There’s days when I feel like I’m on top of the World and that this was the best decision I ever made. There’s other days though when that inner voice, also known as reason or common sense, decides to point out all reasons why this is such a bad idea and you should give up and go back to a normal job as fast as you can. You know, things like ‘you’re not getting any younger to be messing around’; ‘you’ll run out of all your savings and you’re making no income whatsoever’; ‘getting a job these days isn’t that easy’; ‘how are you ever going to go on holiday again’; ‘what if you want kids next year, then what?’… Oh and the list goes on I promise.
When I quit my main goal was to look for something that I would love doing. Something that I can be passionate about and that fulfils me. Once I find it, the idea is to invest all my time and (few) resources trying to actually get a chance at that dream.
On one of those ‘reason voice’ days I decided that maybe I should just focus on looking for a nice job, with good perks and benefits but also one that represented a bigger challenge than the one I had, a step up in my career if you will. I know, it sounds ridiculous to me now. This was never my kind of thinking. That is not how I see things and to be honest, it’s a very ‘corporate/carrier’ sort of thought that I never imagined myself having.

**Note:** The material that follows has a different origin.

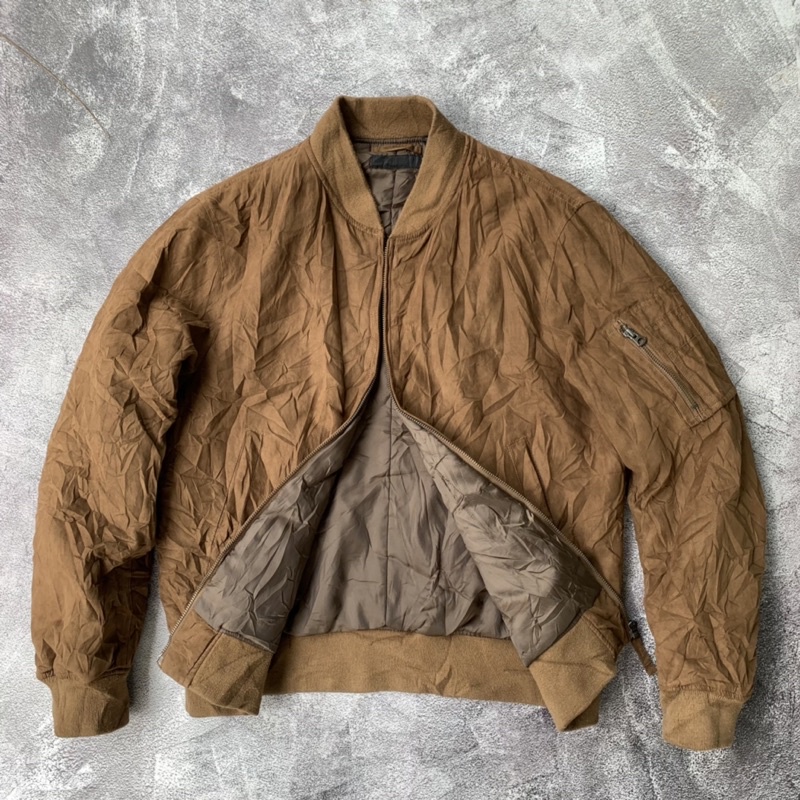 Bomber Suede Uniqlo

So I went on a few interviews. I still kept on helping out my friend with his business and writing some posts for the blog, juggling the interviews in between. I went on a few and some were with absolutely lovely people and I am sure great places to work. But the more I interviewed the more I realized ‘this is not it’. It all felt wrong and out-of-place. I think my biggest moment of realization was last week. I was interviewed by an amazing team for an amazing company. The pay, benefits and location were amazing, and the team was fun. And all I could think of was my previous job. They were fun too. The team was amazing. The location wasn’t great and to be fair, I was bored sometimes, but I still got to do amazing projects and learned so much. So all I could think was ‘if I take this job, why did I leave my team then? What was the point?’.
Suddenly it hit me: this wasn’t it. I was doing it all wrong again. Following the exact same path that took me there in the first place. I decided ‘if I’m going to take some risks now is the time’. So we made it official that I am working at my friend’s start-up instead.
There are no perks, no benefits, not even a location, but I am loving every second of it. It just feels like I’m helping building something from scratch and I am quite excited (and scared) to see how it’s all going to turn up.
At the same time, I am really enjoying writing this blog – it’s kind of like a diary for me and helps me organize my thoughts – and also I don’t want to forget my writing skills, so win-win to me.
Meanwhile I might be closer to finding that dream; I loved one of my workshops so much, that I think I will try to pursue it, but it’s too soon to tell. And it will be difficult as hell.
So the ‘common sense voice’ actually helped; it made me feel more comfortable with my decision and it was great to practice for interviews (I used to suck and got much better). There’s still one thing though: the income. The voice is absolutely right, that part does freak me out, so I guess it’s time to look for a part-time or freelance gigs.
And that’s one more step in my journey.